* **Dataset section**:
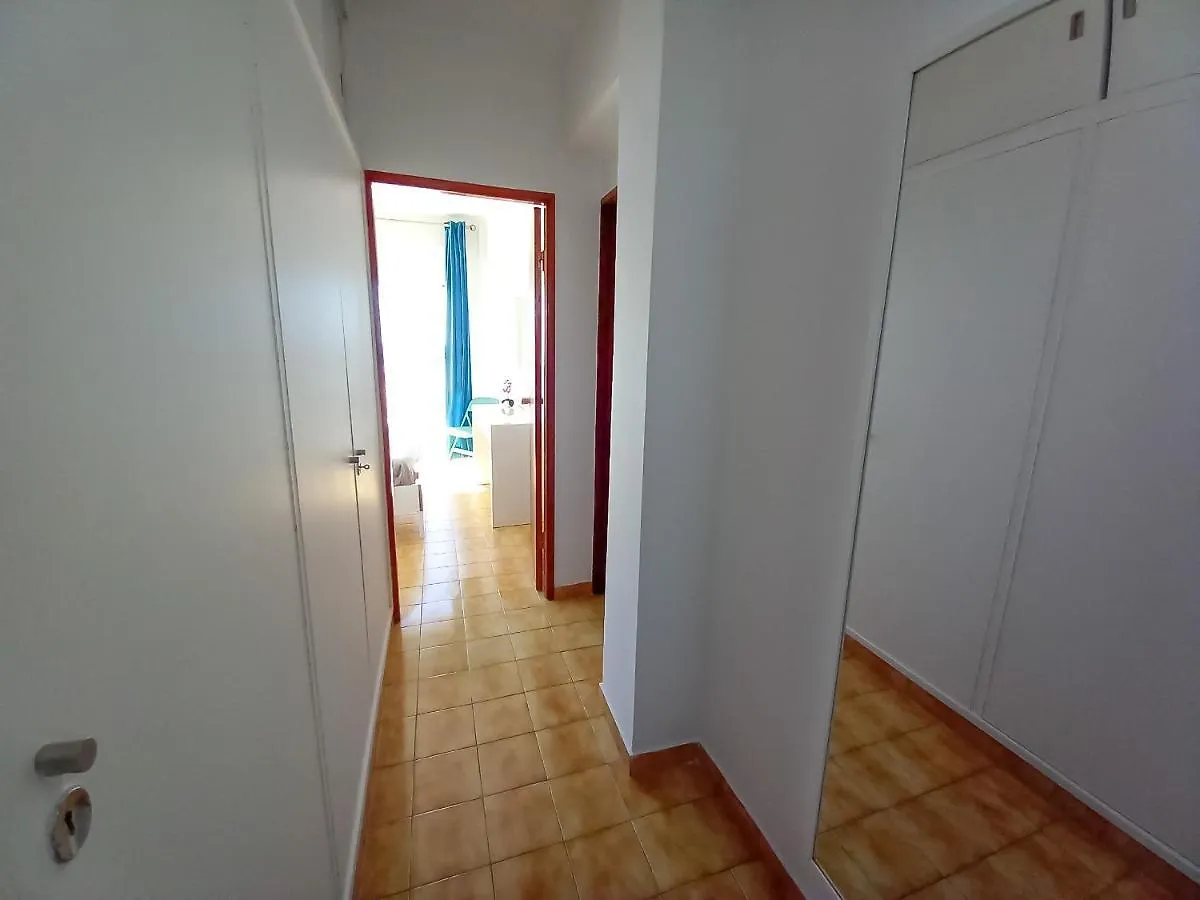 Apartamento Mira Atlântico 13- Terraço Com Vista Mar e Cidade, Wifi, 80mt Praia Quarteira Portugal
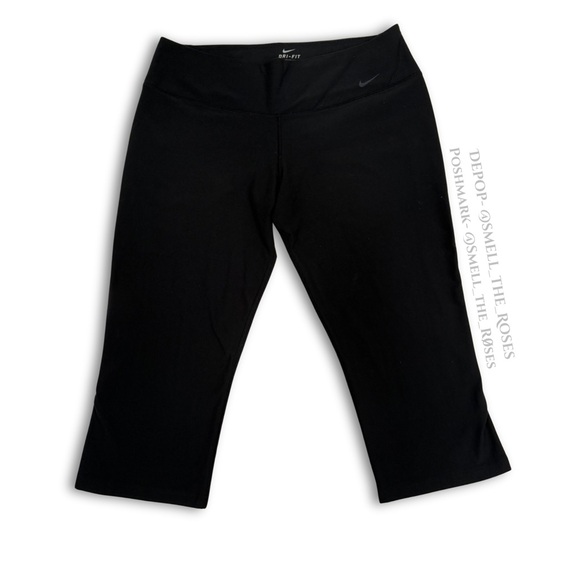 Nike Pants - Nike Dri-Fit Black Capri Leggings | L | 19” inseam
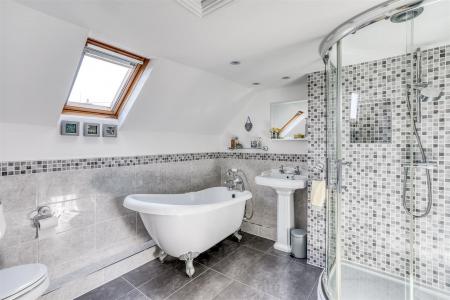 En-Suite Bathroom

* **What is expected**: An exact copy of the listing is needed, minus its pictures.

* **Exercise solution**:
 Apartamento Mira Atlântico 13- Terraço Com Vista Mar e Cidade, Wifi, 80mt Praia Quarteira Portugal
 Nike Pants - Nike Dri-Fit Black Capri Leggings | L | 19” inseam
 En-Suite Bathroom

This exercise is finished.